The best selling point for DDR Extreme 2 is clearly the addition of online support. Now dancers can compete in head-to-head battles through a lobby or an advanced ranking system. The game keeps track of how long you’ve played and your online record, including interesting tidbits such as your winning or losing streak. Whether you decide to individually search for a challenger, or you let the ranking system choose for you, the online dance-offs are still played out in the same manner. Once a song is selected, both players choose which difficulty they want to play on. Playing on a harder difficulty means more arrows in your dance routine (which allows you to amass a higher score), but there’ll also be a greater chance of failure. Although the online mode doesn’t carry the same intensity as you would perhaps experience while dancing against someone right beside you, it’s still a great addition to the DDR franchise.

The visual presentation on offer in DDR Extreme 2 is nothing spectacular, but the effectively designed menus and interesting backgrounds help recreate the popular arcade feel. One of the greatest aspects in DDR is that you can turn the game on and immediately begin dancing—and the interface makes this even easier. On the song selection menu, the popular method of using the left and right arrows to scroll through songs while using the up and down arrows to adjust difficulty is used, and the whole selection process feels natural. While Konami hasn’t made any major changes to the appearance of the arrows, the background visuals are sharper than ever. Not only can you select a character that will dance to the beat, but the obscure background animations and hundreds of vibrant colors also help deliver that lovable arcade atmosphere. In addition, some of the included licensed songs play their actual coincidental music video, which offers a nice break from the occasionally seizure-inducing animations. Overall, DDR isn’t a game to play for its visuals, but it’s not a bad-looking game considering its main focus is solely on gameplay.

The sound immensely affects how you dance because you’re supposed to move your feet to the beat. There are different styles of routine to be encountered, often depending on which song you choose. Float songs have you hold down freeze arrows a lot, and you’ll need a keen eye in order to succeed here. Songs with a high voltage rating are very upbeat, and songs with a focus on air will see you frequently planting your feet on two arrows. Whether you prefer dancing to slower love songs, or intense trance mixes, each song caters specifically to a certain dance style. With over 70 licensed songs from a variety of artists, you’ll surely be able to find a bunch of songs that will easily make it to your favorites list. By including some of the older popular songs such as “Boom Boom Dollar” and “Brilliant 2U” along with some slightly out-of-date pop songs like “Get Busy” by Sean Paul, DDR Extreme 2 always delivers a satisfactory audio performance.

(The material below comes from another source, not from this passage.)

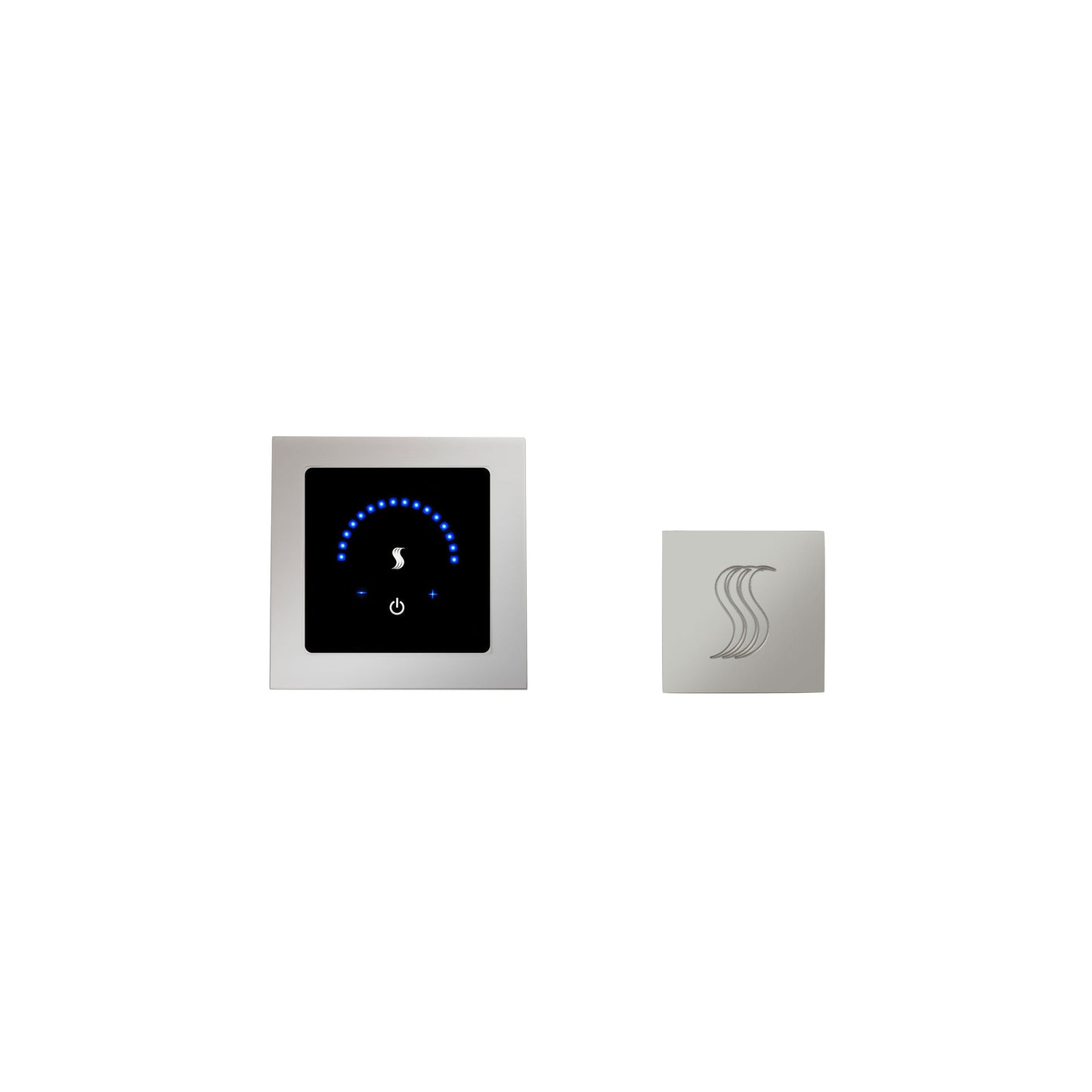 Day Spa Multi Room Steam System MicroTouch Control / Tier 2 — Control Kit (Control + Steam Head) / Polished Chrome — Square Steam Head Thermasol mtmr-svsq-pc_5086f865-ffe0-4669-8b12-152381f282c4.jpg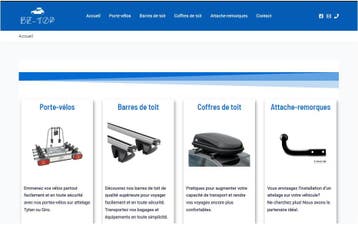 Barres de toit NEUVES pour tous types de véhicules.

Dance Dance Revolution Extreme 2 is a great title for both DDR veterans and those gamers interested in trying out something new. With the addition of the online mode, along with support for Sony’s EyeToy, DDR Extreme 2 delivers a fun and involving dance experience that won’t cost a bundle in quarters. Although the actual gameplay doesn’t vary all that much from previous installments, and it can take a while to unlock all the songs, Dance Dance Revolution Extreme 2 delivers an incredibly entertaining party experience that is definitely worth trying out.